=== Section Start ===

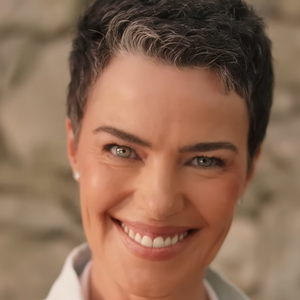 2025: Ana Paula Arósio apareceu completamente diferente em uma campanha para a BWELL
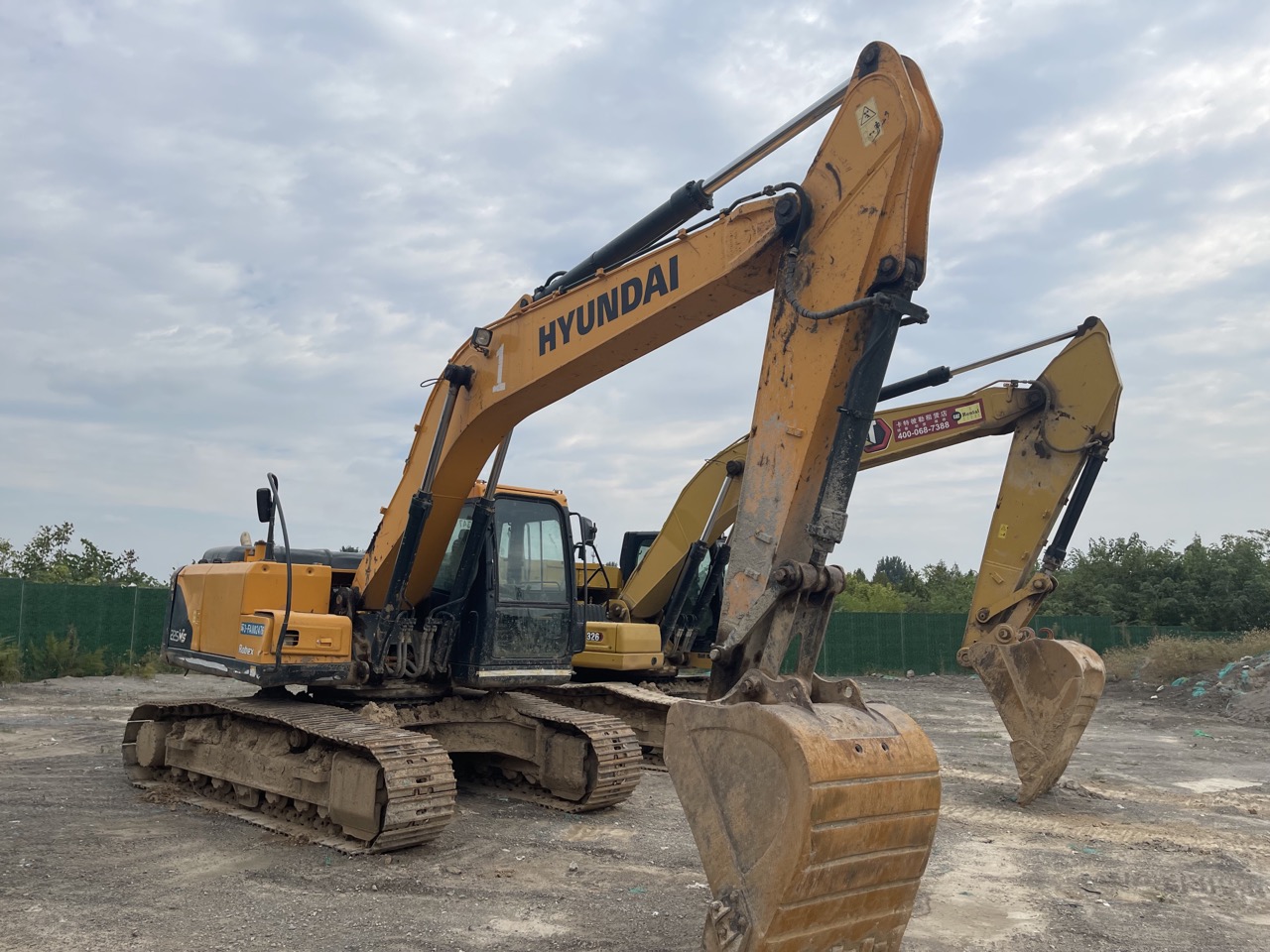 Hyundai R215VS  Excavator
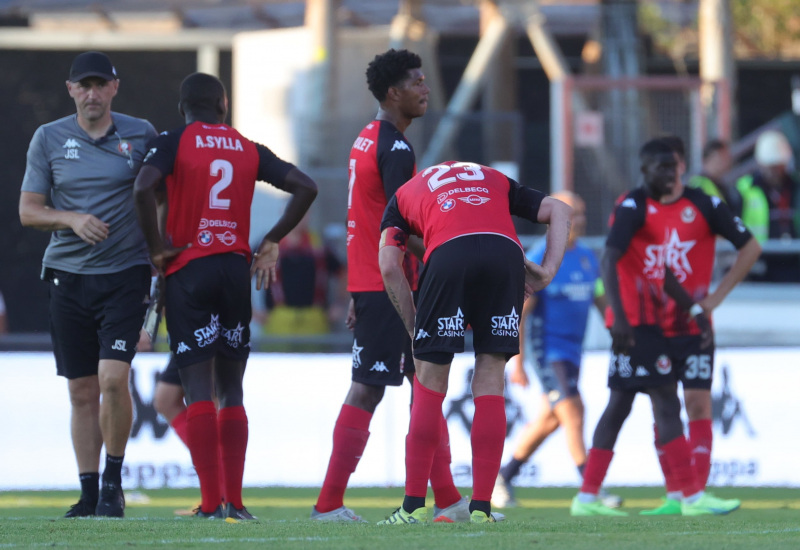 Des supporters du Sporting de Charleroi caillassés à Seraing 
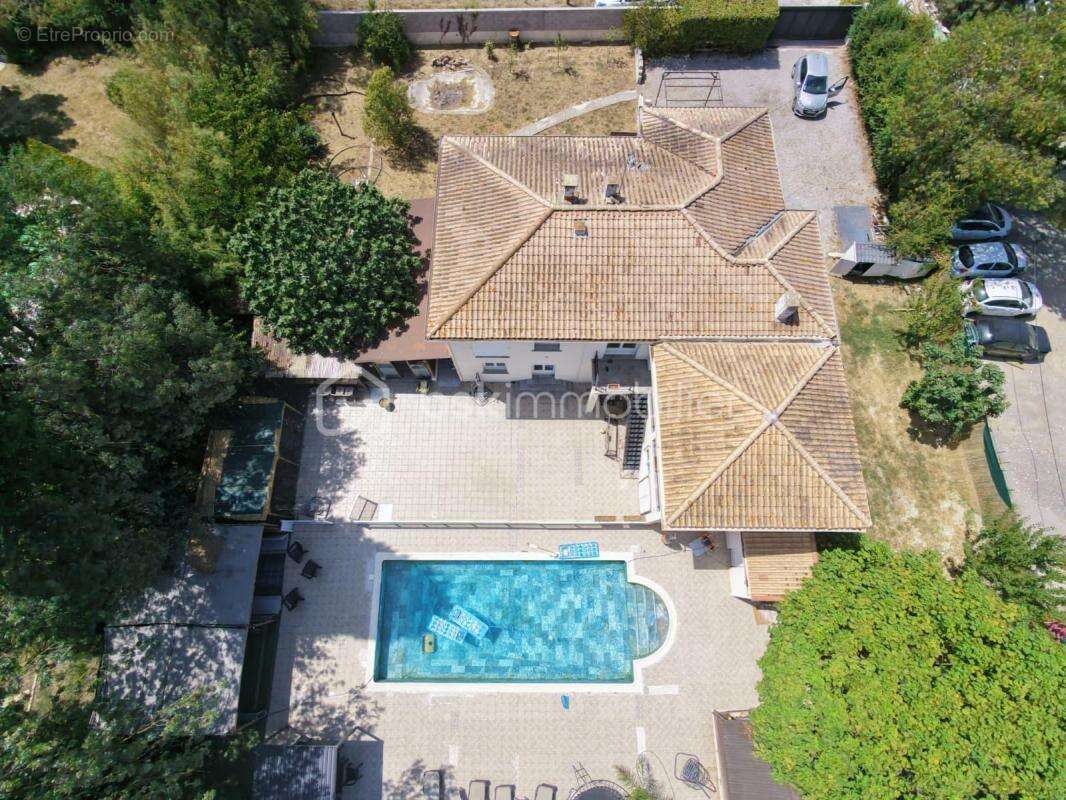 Propriété avec piscine, studio et T2 indépendant à Fabrègues --- - photo 17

=== Section End ===

» EXERCISE GOAL: Leaving every image behind, repeat the data in full and exactly.

» EXERCISE OUTPUT:
 2025: Ana Paula Arósio apareceu completamente diferente em uma campanha para a BWELL
 Hyundai R215VS  Excavator
 Des supporters du Sporting de Charleroi caillassés à Seraing 
 Propriété avec piscine, studio et T2 indépendant à Fabrègues --- - photo 17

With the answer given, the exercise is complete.